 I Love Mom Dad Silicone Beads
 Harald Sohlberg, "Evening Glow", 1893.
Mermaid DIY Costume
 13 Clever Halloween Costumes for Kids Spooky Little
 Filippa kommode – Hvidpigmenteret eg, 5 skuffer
* * *
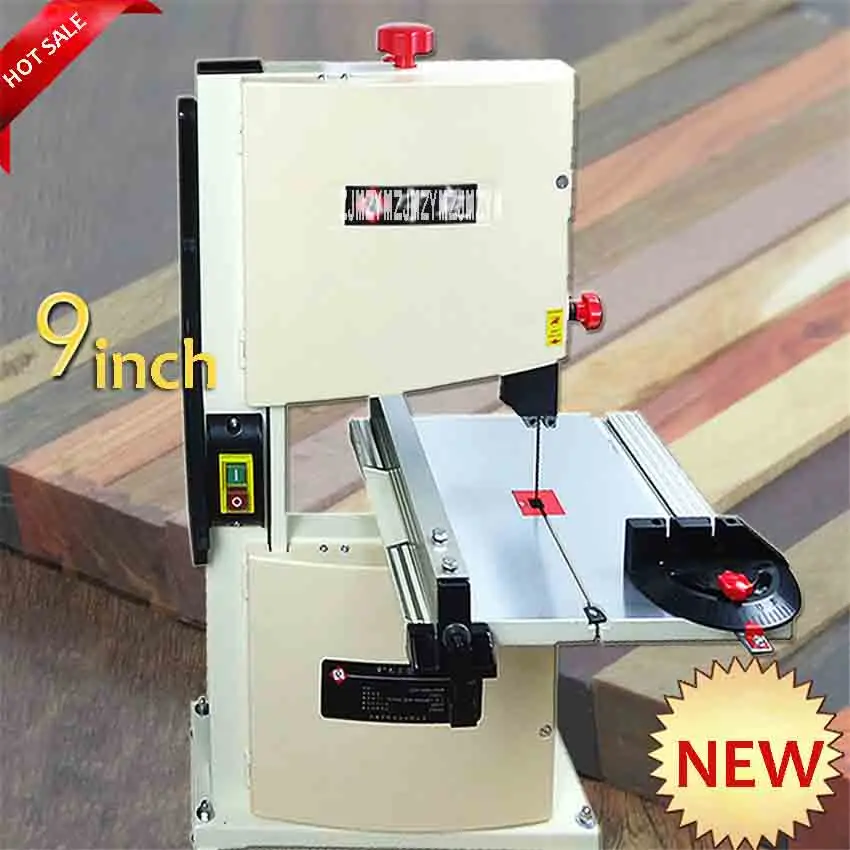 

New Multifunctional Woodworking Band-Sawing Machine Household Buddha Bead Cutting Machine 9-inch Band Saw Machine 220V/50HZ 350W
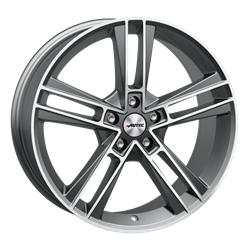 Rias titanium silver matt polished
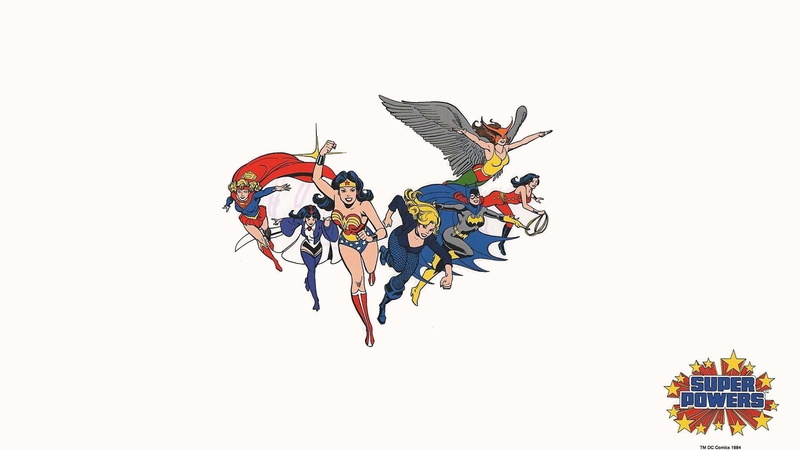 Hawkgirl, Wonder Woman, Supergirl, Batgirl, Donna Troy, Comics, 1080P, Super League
---
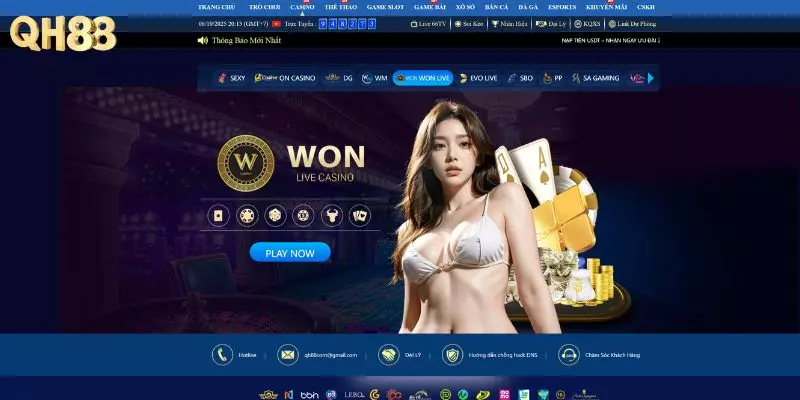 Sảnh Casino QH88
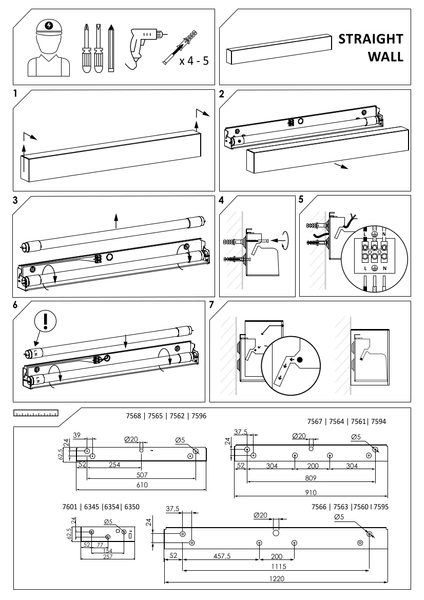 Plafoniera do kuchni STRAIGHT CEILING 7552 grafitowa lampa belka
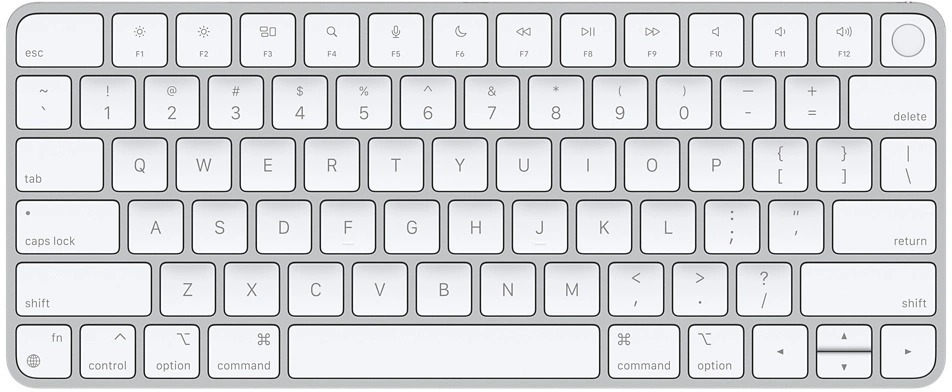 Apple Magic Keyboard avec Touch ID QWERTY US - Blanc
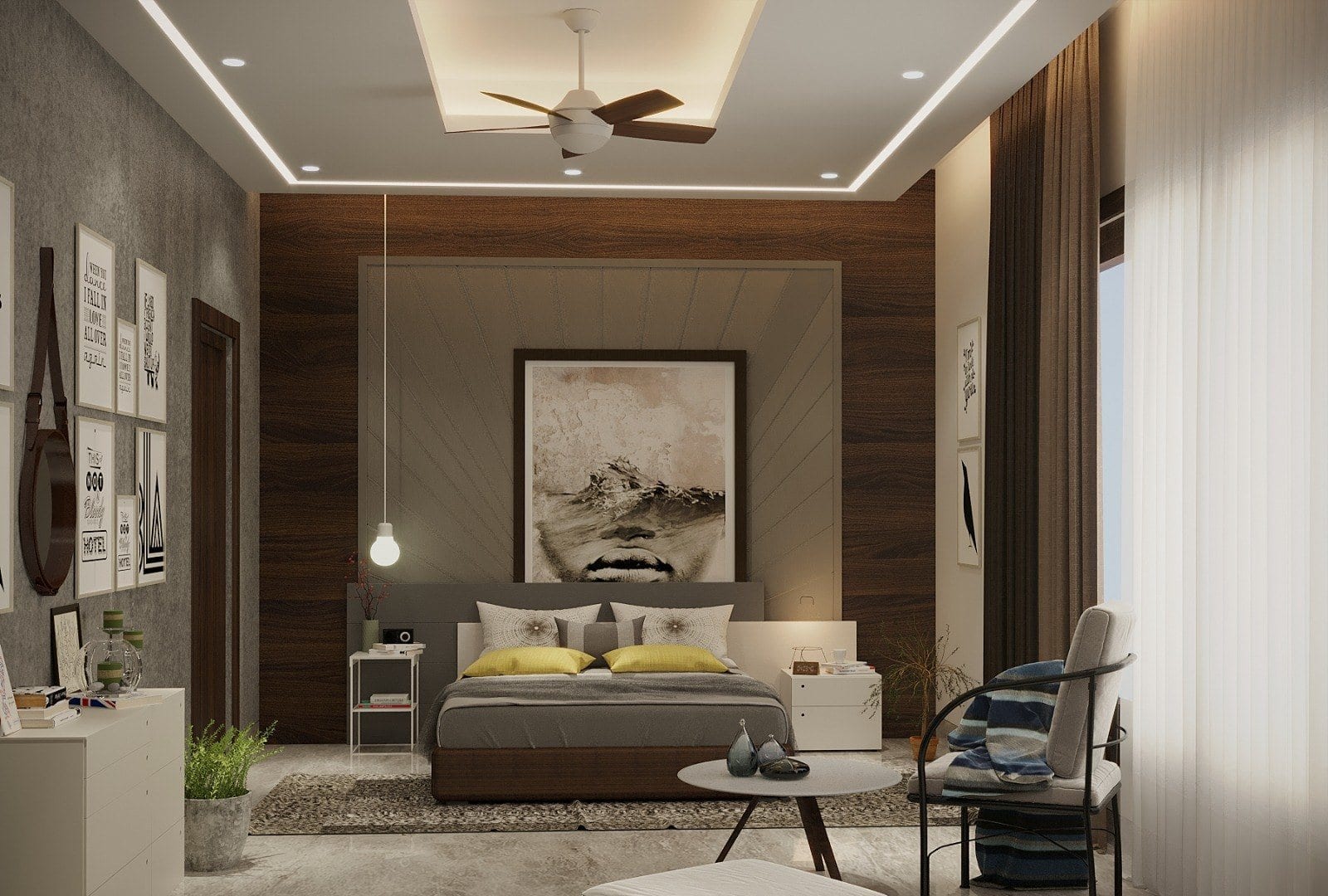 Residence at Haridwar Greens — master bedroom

THE PROBLEM → Taking the entries above, copy word for word the lines from the one with "Plafoniera do kuchni" up to and including the one with "Residence at Haridwar", without any picture.

WRITTEN RESPONSE →
 Plafoniera do kuchni STRAIGHT CEILING 7552 grafitowa lampa belka
 Apple Magic Keyboard avec Touch ID QWERTY US - Blanc
 Residence at Haridwar Greens — master bedroom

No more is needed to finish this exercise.